Banning Starship: The new goal of our leftist masters.
Two stories today mark what appears to be a growing political campaign focused on squelching by any means possible the continued unparalleled success of the company SpaceX. And the simultaneous publication of both stories on the same day also suggests that this campaign is deliberately timed to force the FAA to shut down SpaceX at Boca Chica.
First we have a story at Space.com aimed at SpaceX’s Starlink constellation, making it the big villain in the growing threat of satellite collisions.
SpaceX’s Starlink satellites alone are involved in about 1,600 close encounters between two spacecraft every week, that’s about 50 % of all such incidents, according to Hugh Lewis, the head of the Astronautics Research Group at the University of Southampton, U.K. These encounters include situations when two spacecraft pass within a distance of 0.6 miles (1 kilometer) from each other.
Lewis, Europe’s leading expert on space debris, makes regular estimates of the situation in orbit based on data from the Socrates (Satellite Orbital Conjunction Reports Assessing Threatening Encounters in Space ) database. This tool, managed by Celestrack, provides information about satellite orbits and models their trajectories into the future to assess collision risk.
Though his data appears accurate and the growing risk of collisions is real, it appears from the story that Lewis, one of only two experts interviewed, has a strong hostility to SpaceX. He doesn’t like the fact that SpaceX is so successful in such a short time, and appears to want something done to control it.
The article also nonchalantly sloughs off one very significant fact: Very few satellite collisions have actually occurred.

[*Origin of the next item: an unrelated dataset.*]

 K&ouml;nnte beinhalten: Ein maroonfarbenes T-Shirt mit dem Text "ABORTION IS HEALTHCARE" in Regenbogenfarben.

While the risk is certainly going to increase, that increase is not going to be fueled just by SpaceX. At least four large constellations are presently in the works, all comparable to Starlink in some manner. To focus on SpaceX in particular makes this article appear like a hatchet job.

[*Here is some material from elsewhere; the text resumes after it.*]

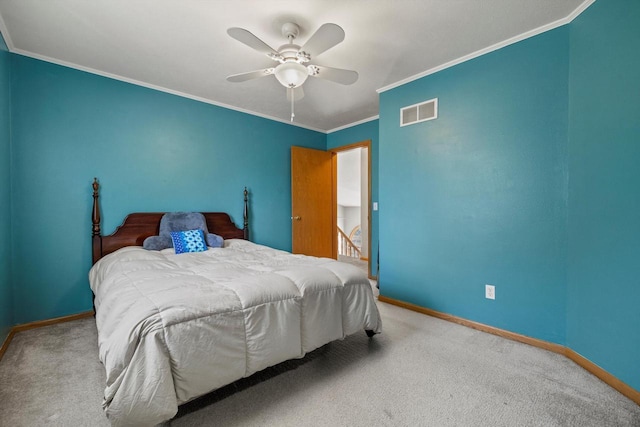 carpeted bedroom with crown molding, baseboards, and visible vents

Then we have a news story from CBS and its very partisan and leftist news show, Sixty Minutes+, providing a loud soapbox for the very small number of anti-development environmentalists fighting to block SpaceX’s operations in Boca Chica, Texas.
These environmentalists claim that building a rocket facility like Starbase right next to a wildlife preserve will do great harm to that wildlife. Their campaign, aided eagerly by CBS and other leftist news sources as well as a local Democrat DA, is aimed at the FAA, which is right now completing a new environmental assessment of SpaceX’s Boca Chica permit. The goal is to get the FAA to deny that permit, effectively shutting down SpaceX’s entire Starship development program.
What these environmentalists as well as the incompetent reporters that tout their agenda never mention is the fact that the spaceport at the Kennedy Space Center in Florida actually created a very successful wildlife refuge. Not only did it halt development in a region that certainly would have gotten built up had the launch facility not existed, its existence for almost three-quarters of a century has clearly proven that rocket launches do no harm to wildlife. That such news stories and these nature activists never mention this important detail should discredit them entirely.
Unfortunately, that’s not how politics works in today’s America. The goal is not to determine the best policy, but to exert power and control. It increasingly appears the swamp of petty dictators in government circles who love telling everyone else what to do have decided that SpaceX must be stopped, by any means necessary.
Whether they succeed or not will likely depend on the response of the general public. Its track record for the past half century is to either buy into these campaigns, or to simply pay no attention as the power-hungry move in and take over.
We are about to find out if the public will respond differently should the FAA act to block SpaceX. And that decision must happen in only a few short weeks, as the FAA must release the new environment assessment and issue its permit before SpaceX can attempt that first orbital flight test of Starship, something that Elon Musk says is just about ready to happen.
That decision, and the public’s response to it should it go against SpaceX, will tell us a great deal about the future of America.